Data to process section start

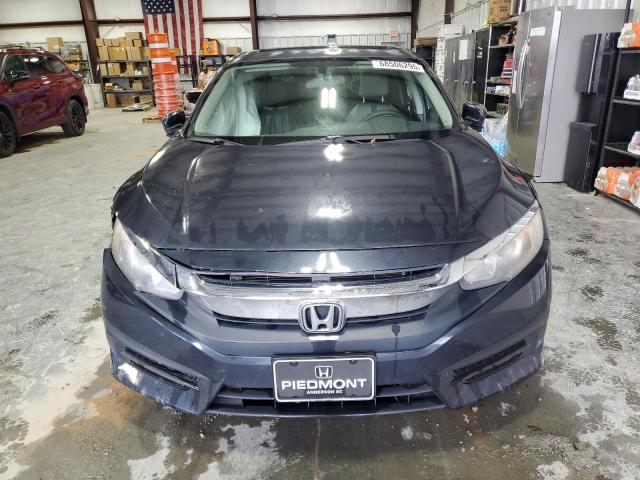 Photo 5 from auction – 2017 HONDA CIVIC EX with VIN 2HGFC2F70HH558294
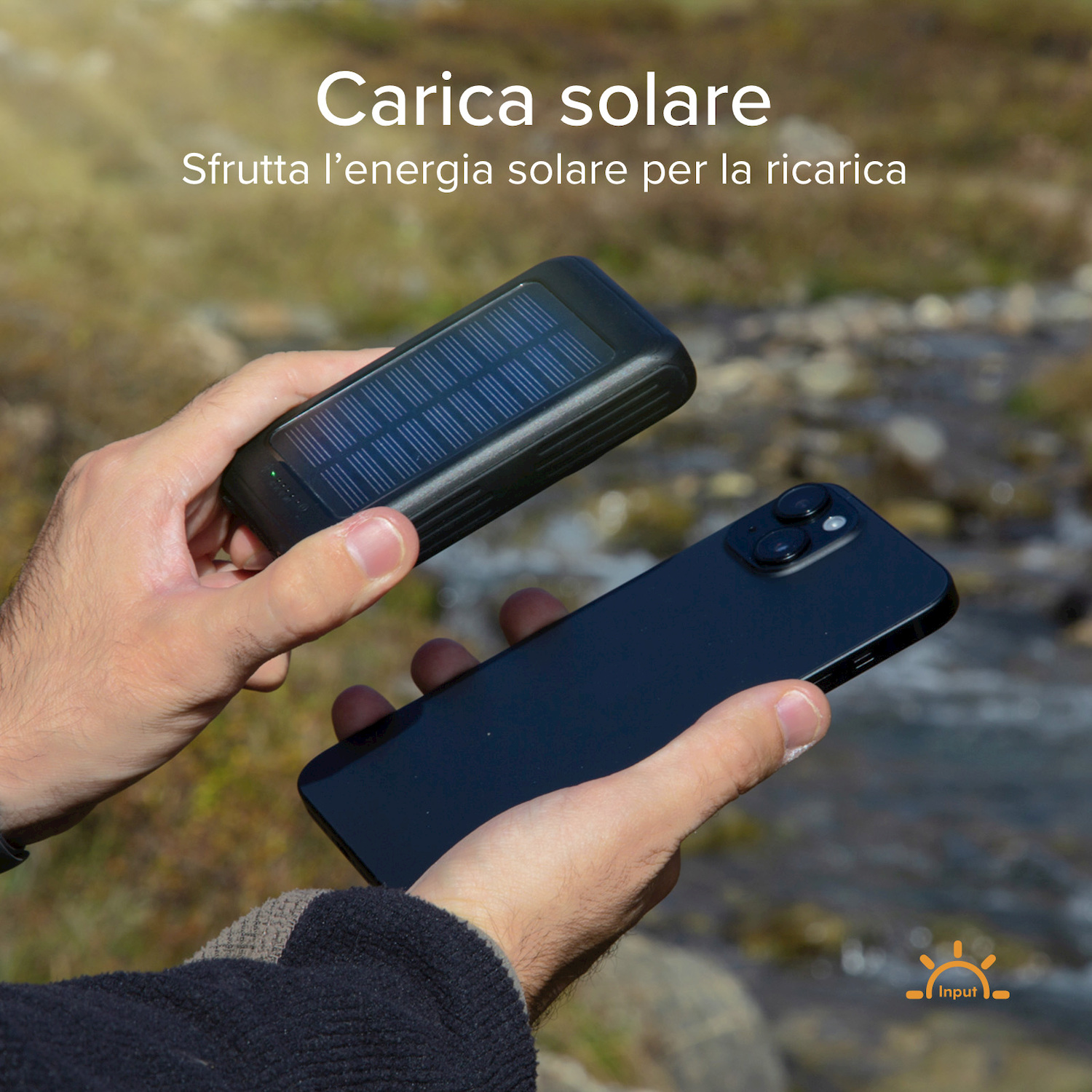 Una persona tiene in mano un power bank solare nero e uno smartphone davanti a uno sfondo naturale.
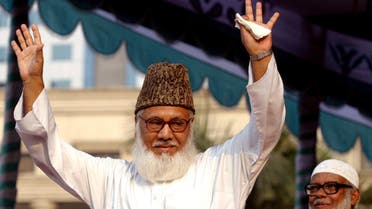 Moulana Motiur Rahman Nizami, chief of the Jamaat-e-Islami, Bangladesh's biggest Islamic Political Party and an alliance of the ruling Bangladesh Nationalist Party, waves to his supporters during a rally in Dhaka REUTERS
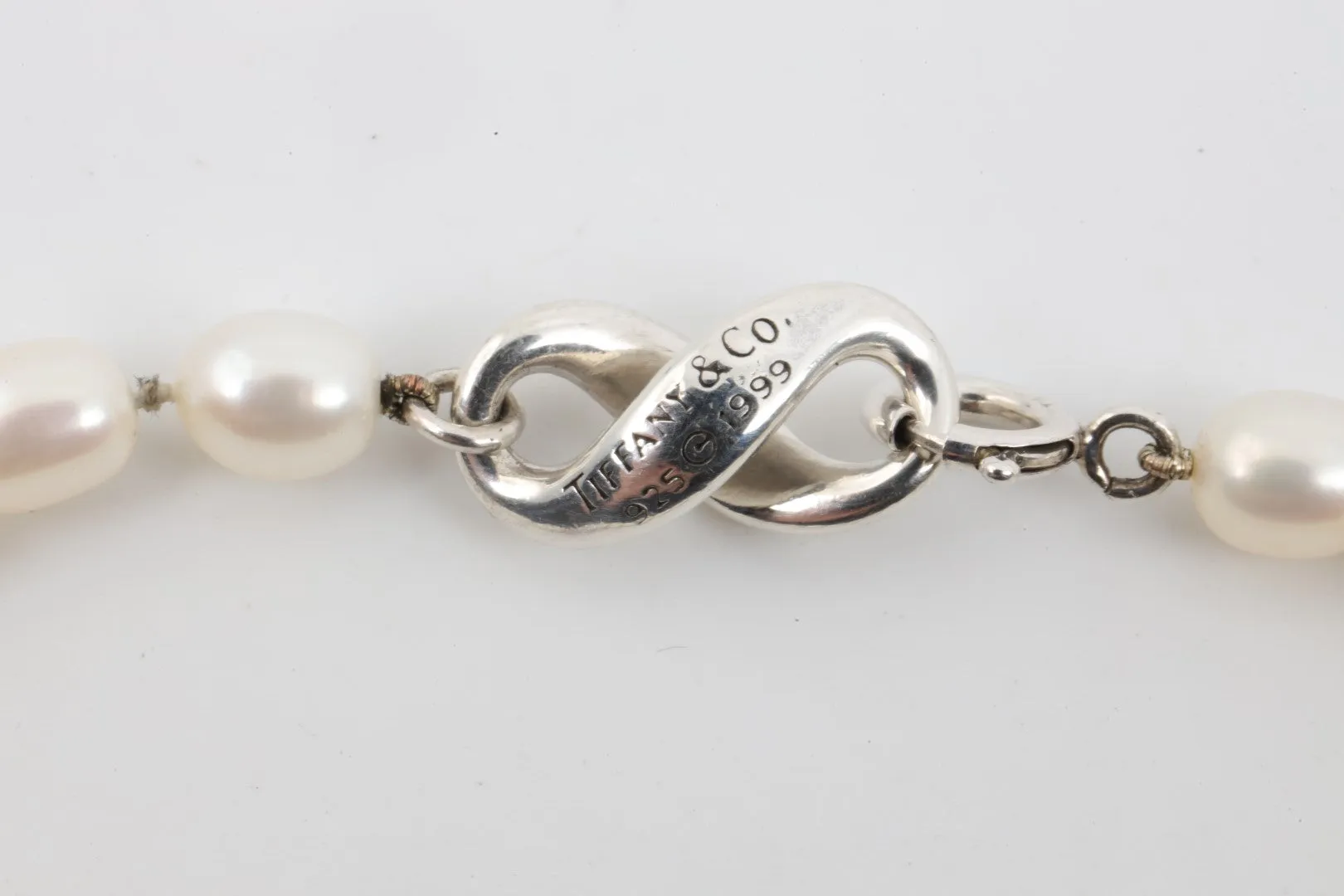 7.5" Tiffany & Co. 925 Silver Infinity Pearl Bracelet (12.02g.)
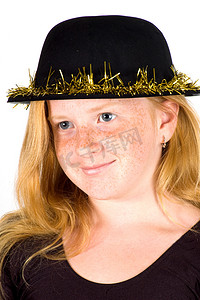 金色飘带摄影照片_女孩戴着一顶带有金色飘带的黑色帽子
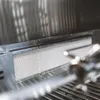 Close-up view of the interior of a stainless steel grill, showing a ceramic burner cover and grill grates. Náhľad obrázku produktu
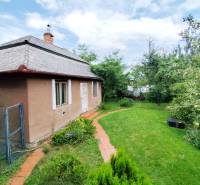 A family house in the town of Veľký Šariš surrounded by a garden and greenery.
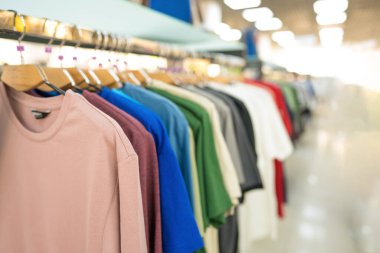 İkinci el dükkanında ya da ikinci el mağazasında askılarda asılı giysiler. Moda mağazasında yeni moda koleksiyonu. Kıyafet kiralama. Giysiler kopya alanı ile bulanık depolama arka planına karşı dururlar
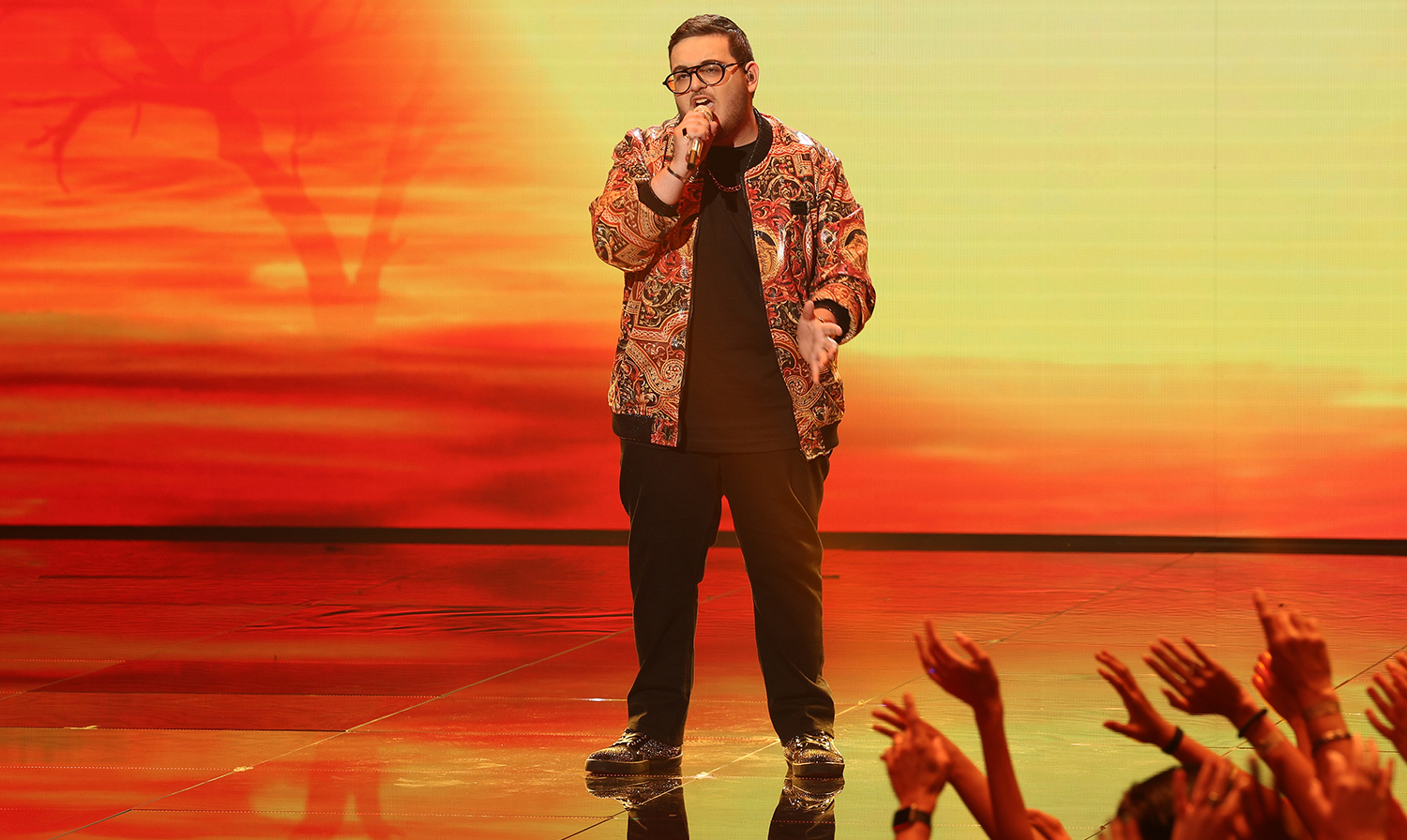 Christian Guardino performs on Disney Night on American Idol 2022 before making it to the Top 7.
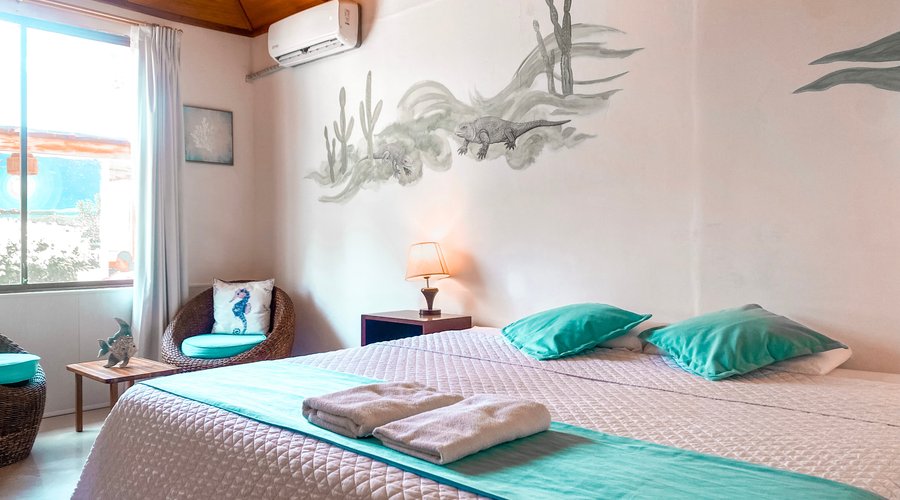 Double premium room, it has a king size bed, small living room, private bathroom, air conditioning, desk, closet, bathroom amenities.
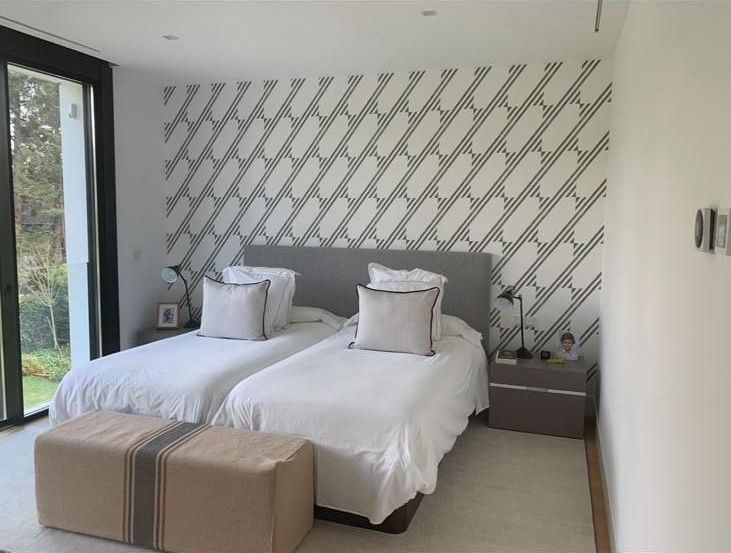 Un dormitorio con dos camas y una puerta corrediza de cristal.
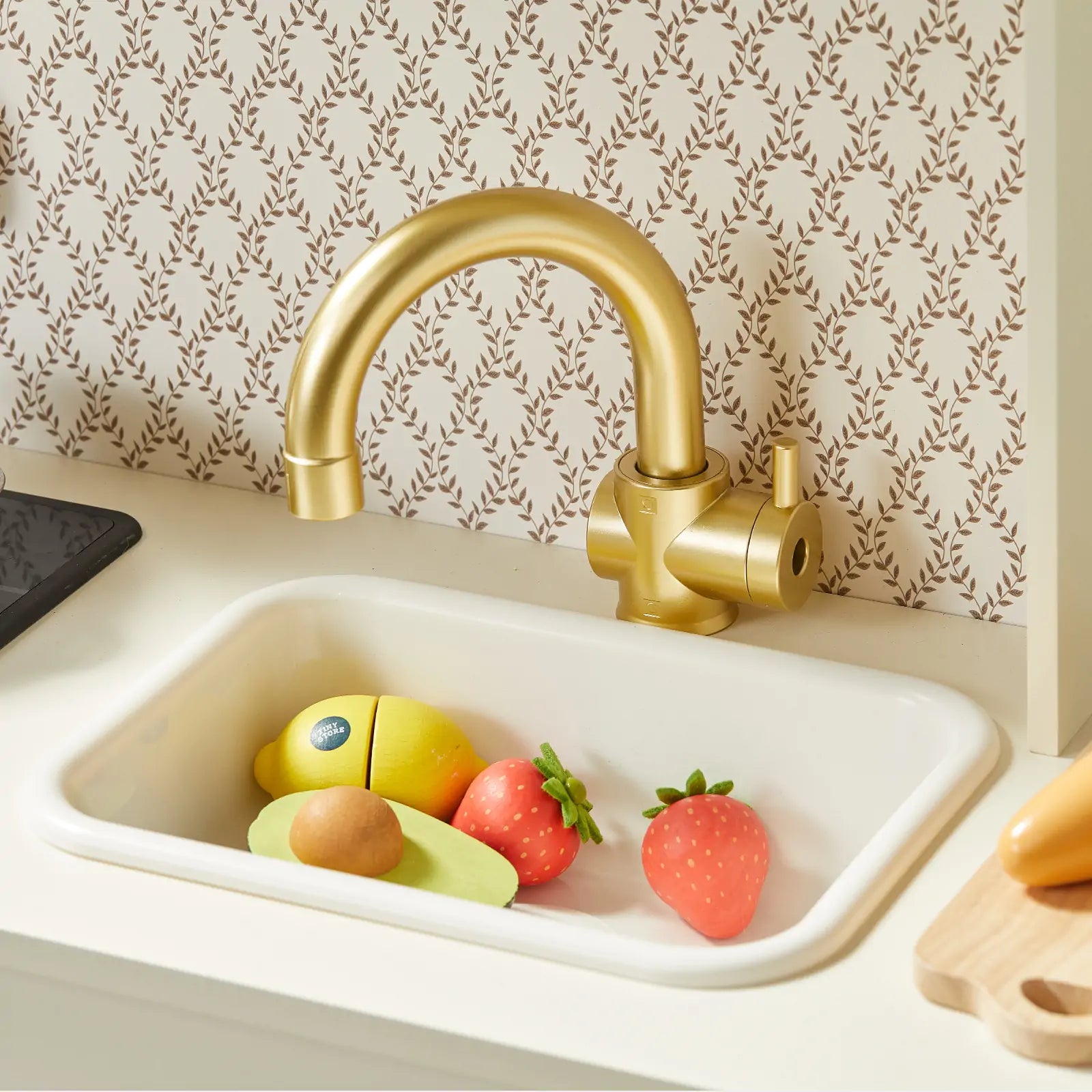 A gold-toned faucet above a white sink with toy food—a sliced avocado, yellow fish, and two strawberries—sparks pretend play in the Tiny Land® PopJoy Kitchen & Fridge Set by Tiny Land, set before wallpaper with small brown leaves.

Data to process section end

» What the exercise asks:
Your reply should consist solely of the lines above from the line containing "Double premium room, it" up to and including the line containing "Un dormitorio con", reproduced exactly, minus the pictures.

» Task output:
 Double premium room, it has a king size bed, small living room, private bathroom, air conditioning, desk, closet, bathroom amenities.
 Un dormitorio con dos camas y una puerta corrediza de cristal.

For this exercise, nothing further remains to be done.